Malette v. Canada
(Commissioner of Corrections)


(1991), 48 F.T.R. 238, [1991] F.C.J. No.942 (F.C.T.D.)

    M was a female inmate serving a life sentence with a parole ineligibility date of 25 years. M sought certiorari to quash a decision of the Commissioner denying her application for transfer to minimum security, and also sought mandamus compelling a transfer to minimum security. M had started her sentence in 1980 and since 1988 had been classified as minimum security. M was serving her sentence at the Kingston Prison for Women that purportedly was a multi level federal penal institution with maximum, medium and minimum security levels. The minimum-security facility is a separate building across the road from the prison. As of April 1991, there were 108 prisoners at the Kingston Prison for Women and 20 of them were classified as minimum security (including the applicant) and 11 of them were housed at the facility across the street. The selection criteria for transfer to the minimum facility was set down in policy as follows: The inmate was to be 1) normally within one year of mandatory supervision or parole eligibility, with good opportunity for conditional release; 2) amenable to programming; and 3) classified as not a present and undue risk to the community. The warden stated that inmates serving life sentences are considered for transfer to the minimum facility about two years prior to eligibility and that because of the limited number of beds, allowing the transfer of those more than two years away from parole eligibility would tie up beds, reducing the availability of space for inmates serving shorter sentences. M was some ten years away from parole eligibility and the warden was concerned that if her eligibility for judicial review at 15 years was used as a guideline and she was then not successful in her application for judicial review, that then she would occupy a bed at the minimum facility for many years, preventing short-term inmates from being transferred. M was advised of the warden's decision not to grant the transfer in the circumstances, and said that her case would be reconsidered the following year. M did not appeal. An application was submitted the following year but had not been decided upon by the time the court heard the application.

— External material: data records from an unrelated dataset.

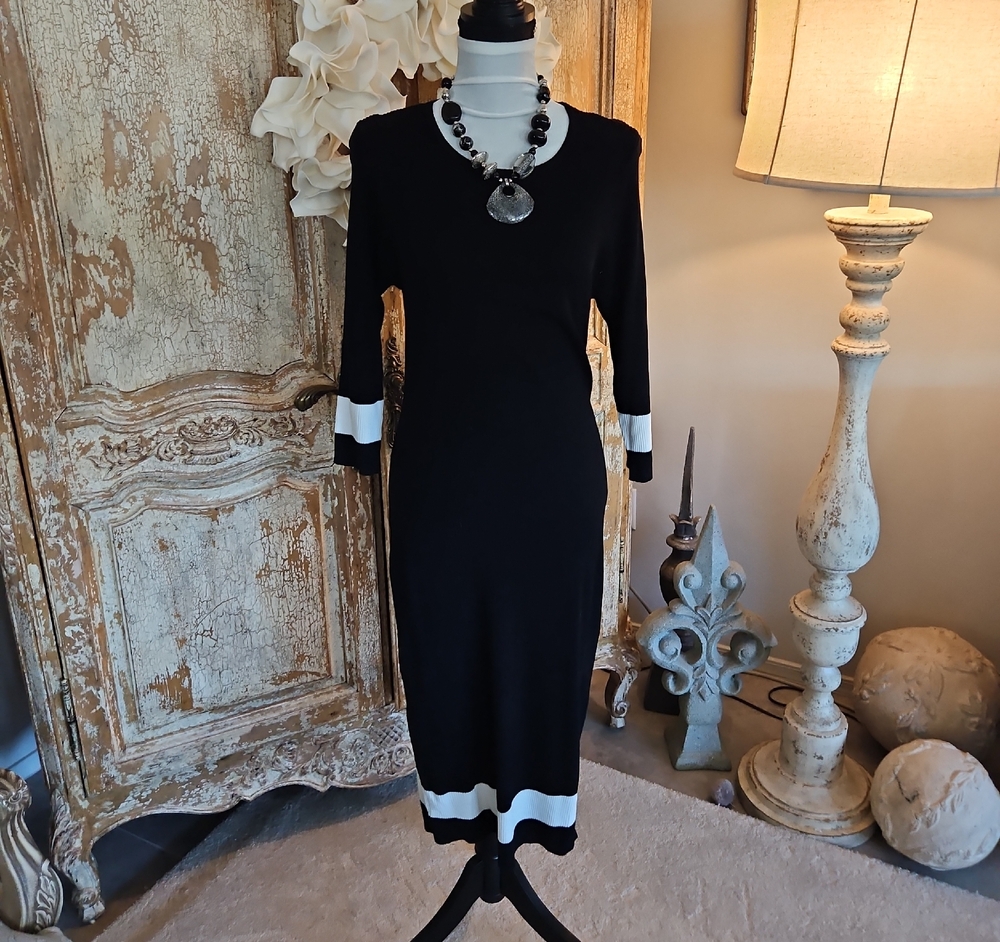 VENUS Black Midi Dress with White Trim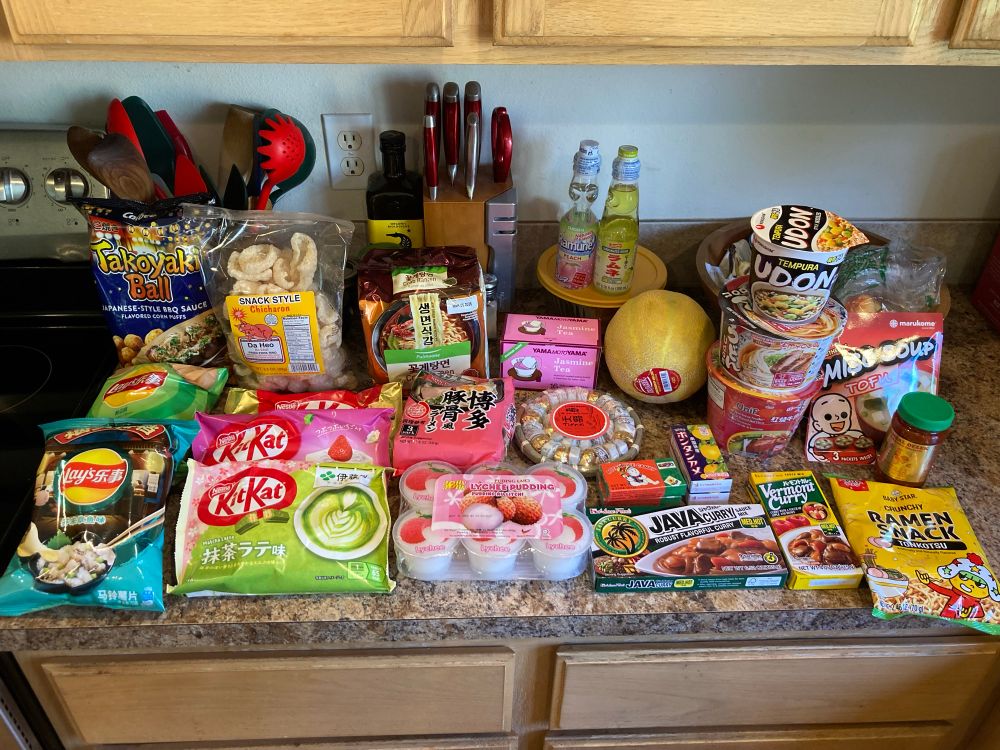 A variety of Japanese, Korean, and Vietnamese foods.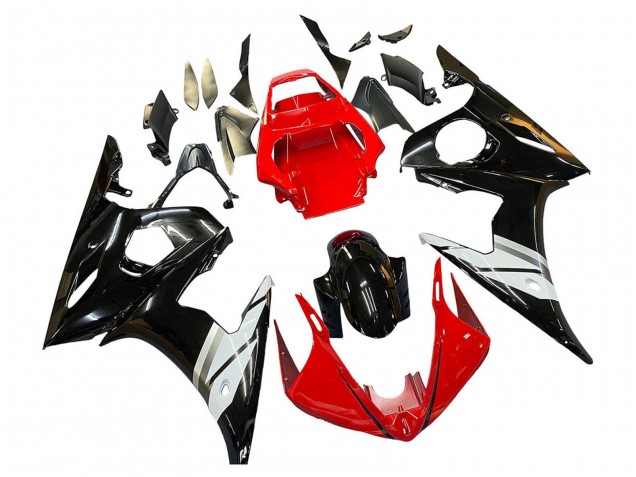 Acquista Carena Moto Yamaha YZF 600 R6 2005 - Rosso Bianco Nero Lucido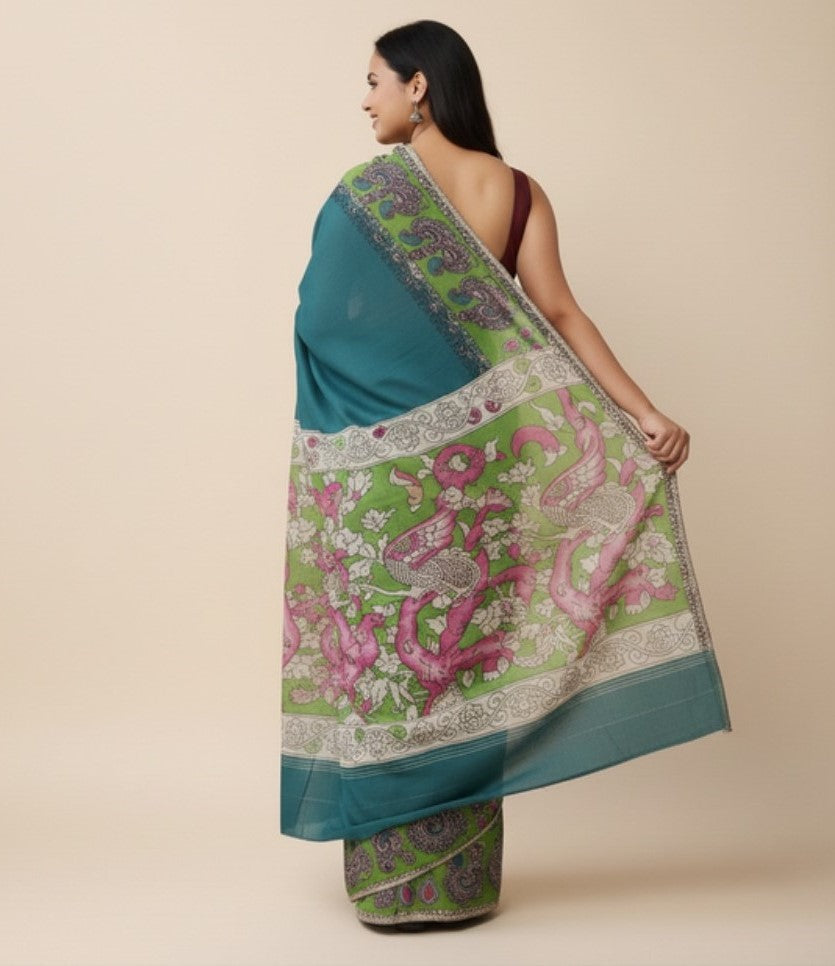 Women's Linen Kalamkari Printed Saree With Unstitched Blouse - 5.5 Mtr (Teal)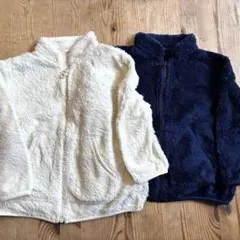 フリース　UNIQLO サイズ90 ホワイト　ネイビー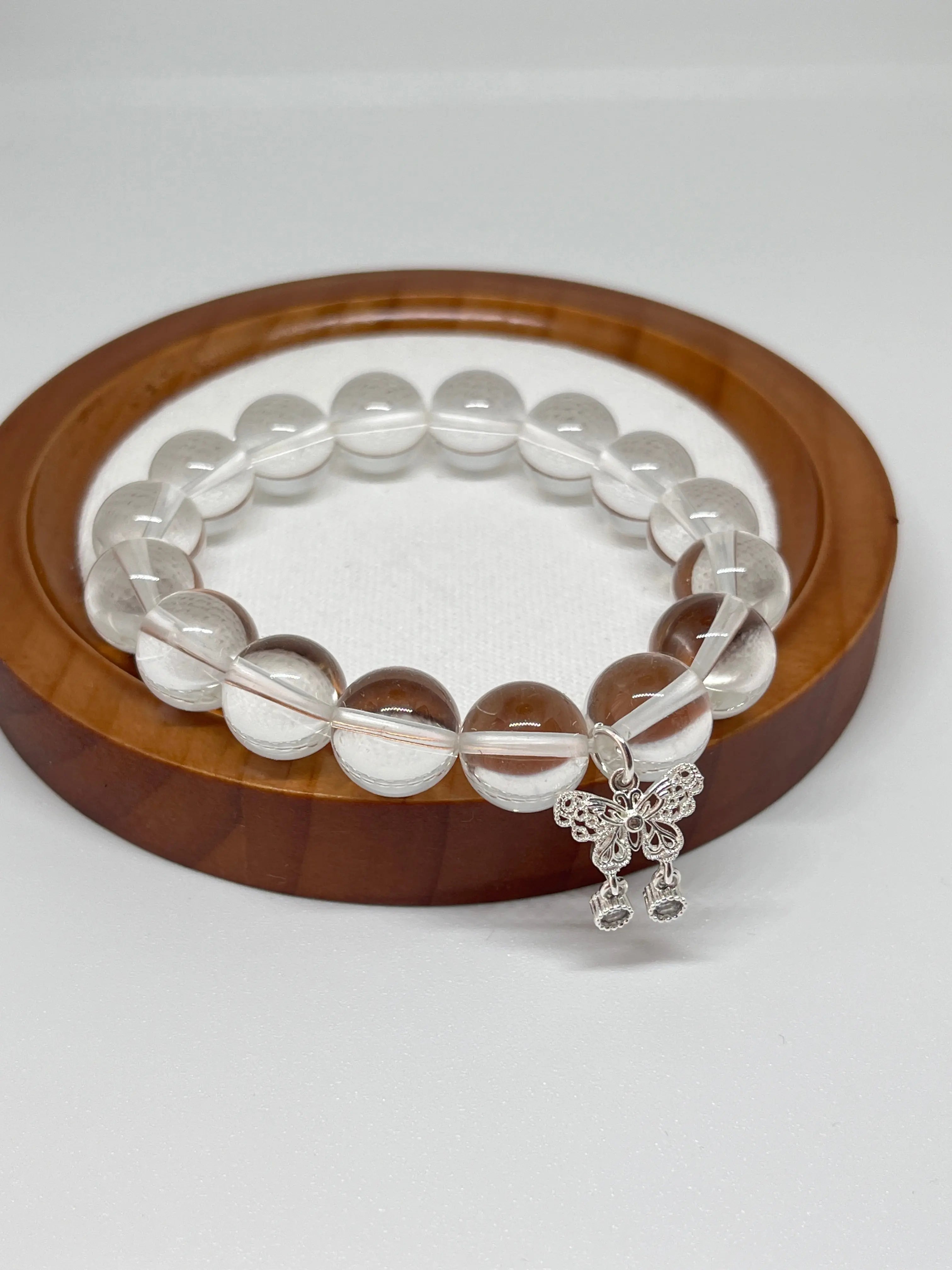 Silver Butterfly White Crystal Bracelet Annflora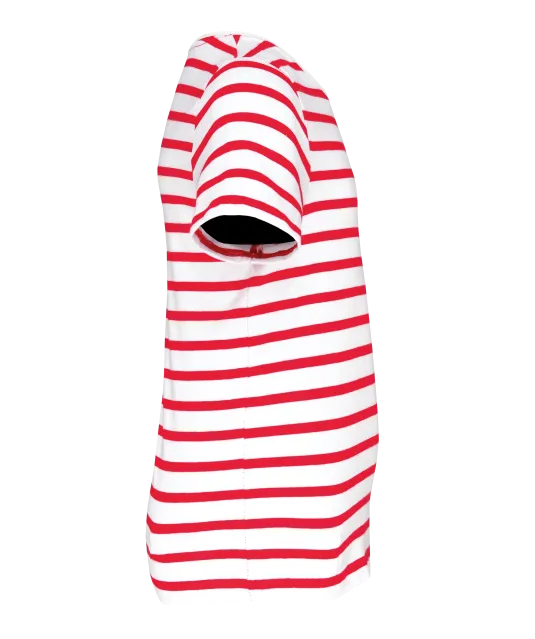 K379 - Gestreept T-shirt met zak en korte mouwen kids White / Red Stripe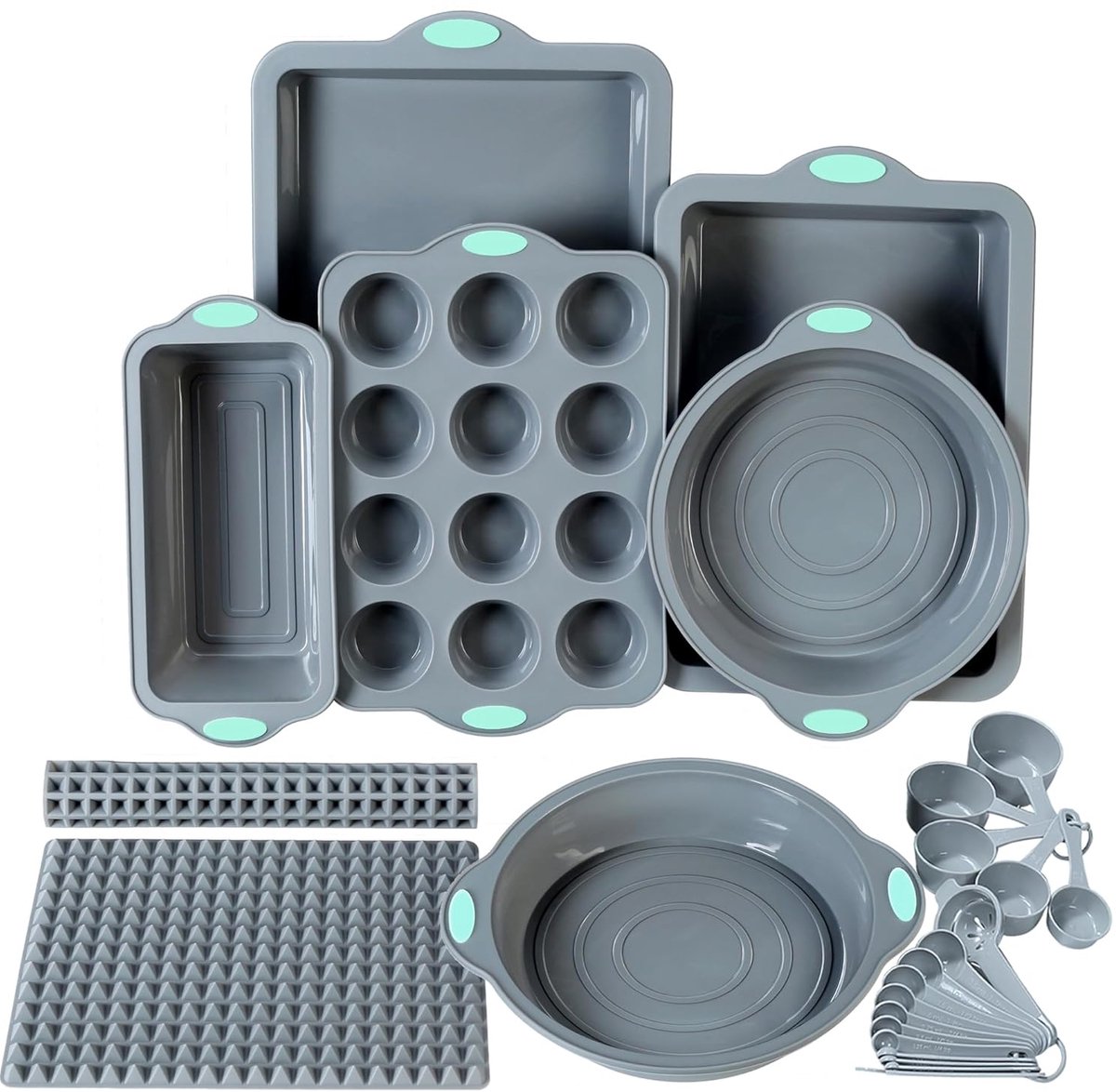 Siliconen Bakvormen Set - 8 Stuks - Geschikt voor Gezond Koken - Inclusief Bakmat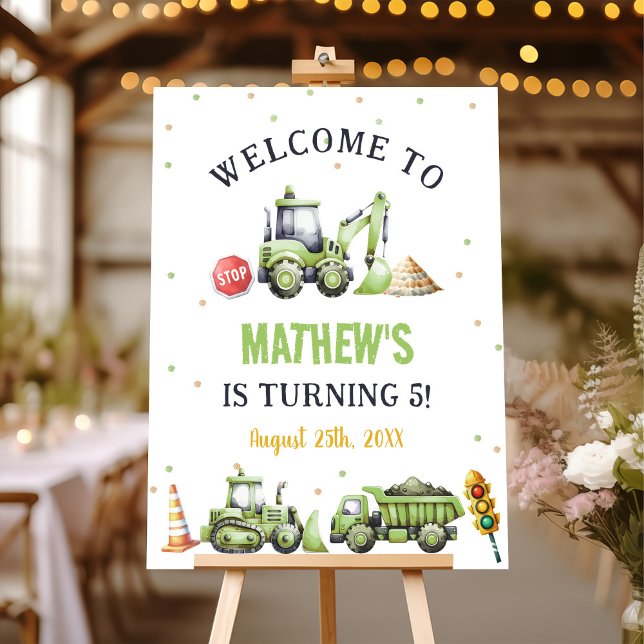 Construction Dump Truck Digger 1st Birthday Foam Board (Creator Uploaded)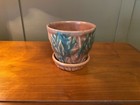 Vintage Mccoy Pottery Brown   Green Twigs   Leaves Flower Pot Planter W  Saucer
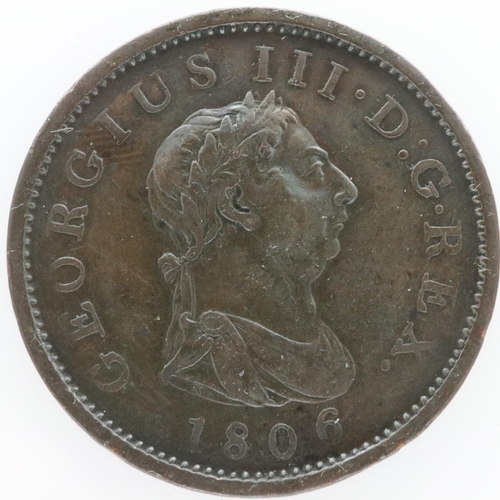 2237 - 1806 halfpenny of George III. UK P&P Group 0 (£6+VAT for the first lot and £1+VAT for subsequent lot... 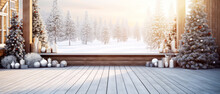 Christmas, Winter Mockup With Snowy Nature Landscape. Banner With Terrace, Copyspace. Outdoor Patio, Park Template With Christmas Decorations.New Year Holidays Background. Generative Ai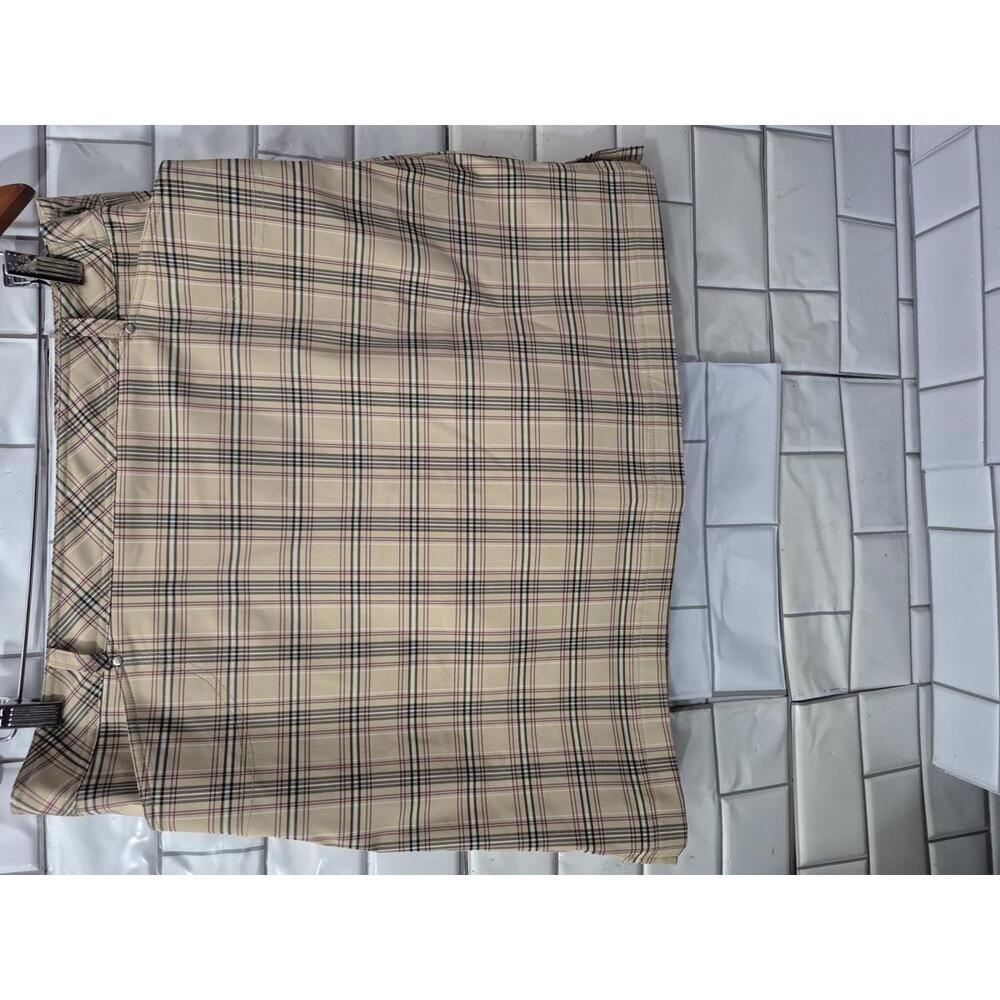 Nivo By Lanctot Ladies Golf Skort Beige Black Plaid Pockets 95/5%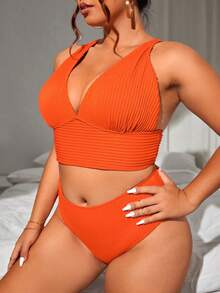 SHEIN Swim Curve 夏季大码霓虹橙色罗纹针织比基尼套装 - 亮橙色 - 查看 6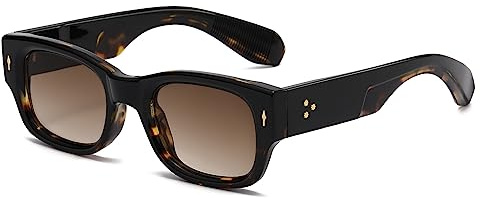 Vintage Sonnenbrille Rechteckig für Damen Herren Retro Quadratisch Sonnenbrille Trendige Getönte Brille Eckig 90er Jahre UV400 Schutz Leopard Braun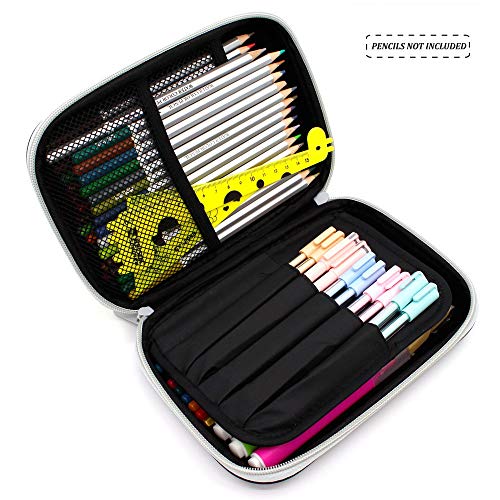 SOOCUTE Green Dinosaur Embossed Large Capacity Hardtop Pencil Case - Students School Supply Organizer Box Pen Pouch Holder for Kids Boys Girls Toddlers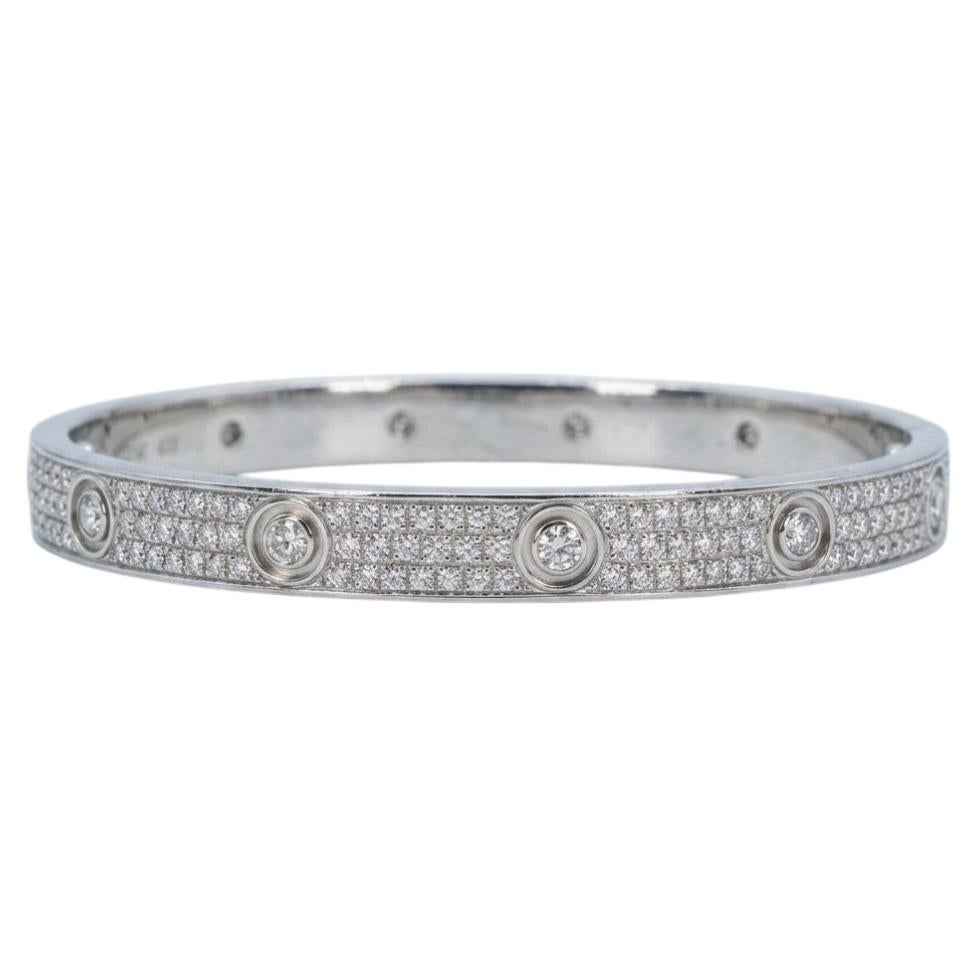 Cartier Full Pave Diamond Love Bracelet in 18k White Gold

    In denying the application, Dubé J. held that the court could not find that there had been an excess of jurisdiction in denying M's transfer to another facility within the same minimum security level or that her rights under the Charter or common law had been violated. M had been subjected to the same criteria as other inmates that were reasonable in the circumstances. The court expressed the view that justice would not be served by ordering that the applicant be moved ahead of others to a facility with limited space. Dubé J. felt that the obvious solution was for the government to provide, with all due diligence, adequate facilities for women prisoners in Canada. The court expressed the view that the underlying problem was clearly the shortage of beds at the minimum facility and that until better, larger and more modern facilities were provided for women inmates, the warden had to cope with the present situation and establish criteria so as to determine who could be transferred there. The CD provisions with respect to transfer did not apply because the prisoner was already classified as minimum and was seeking transfer to another facility within the same institution at the same level of security and not to another level.